▸ **WORK INSTRUCTIONS**:
Whatever precedes the line containing "ストーリー 岐阜店(STORY)/ハーブピーリング専門店STORY" is not copied; that line and every line after it through the final one below are copied exactly, except pictures.
[[ MATERIAL PROVIDED, beginning ]]
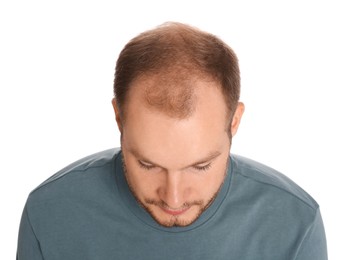 Photo of Man with hair loss problem isolated on white, above view. Trichology treatment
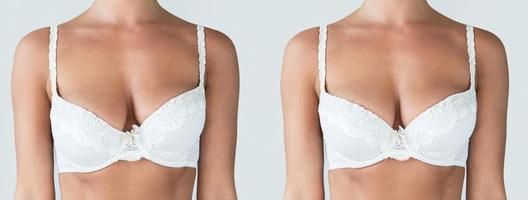 Comparison before and after breast asymmetry correction surgery photo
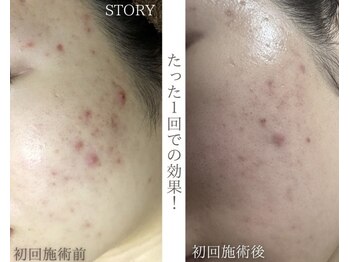 ストーリー 岐阜店(STORY)/ハーブピーリング専門店STORY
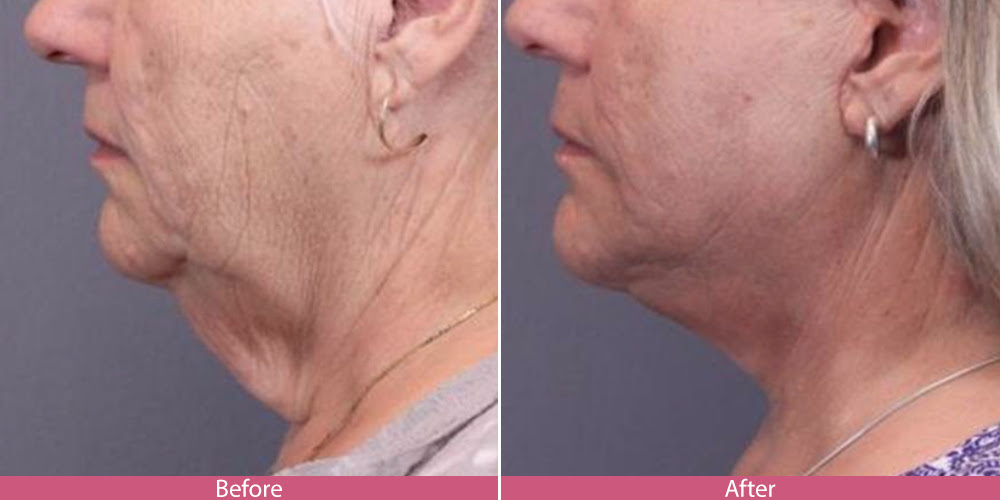 saggy-neck-from-weight-loss-weightlosslook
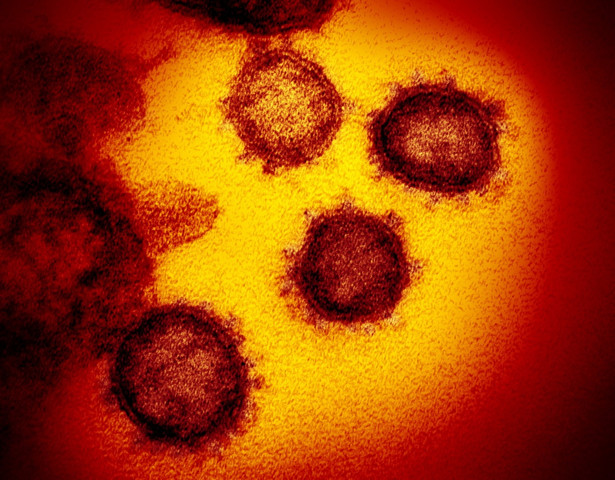 Światowa Organizacja Zdrowia (WHO) podniosła ocenę ryzyka związanego z koronawirusem z wysokiego do bardzo wysokiego na poziomie globalnym - powiedział w piątek dyrektor generalny WHO Tedros Adhanom Ghebreyesus. Na świecie trwają prace nad 20 szczepionkami - dodał.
[[ MATERIAL PROVIDED, end ]]
▸ **RESPONSE TO THIS TASK**:
 ストーリー 岐阜店(STORY)/ハーブピーリング専門店STORY
 saggy-neck-from-weight-loss-weightlosslook
 Światowa Organizacja Zdrowia (WHO) podniosła ocenę ryzyka związanego z koronawirusem z wysokiego do bardzo wysokiego na poziomie globalnym - powiedział w piątek dyrektor generalny WHO Tedros Adhanom Ghebreyesus. Na świecie trwają prace nad 20 szczepionkami - dodał.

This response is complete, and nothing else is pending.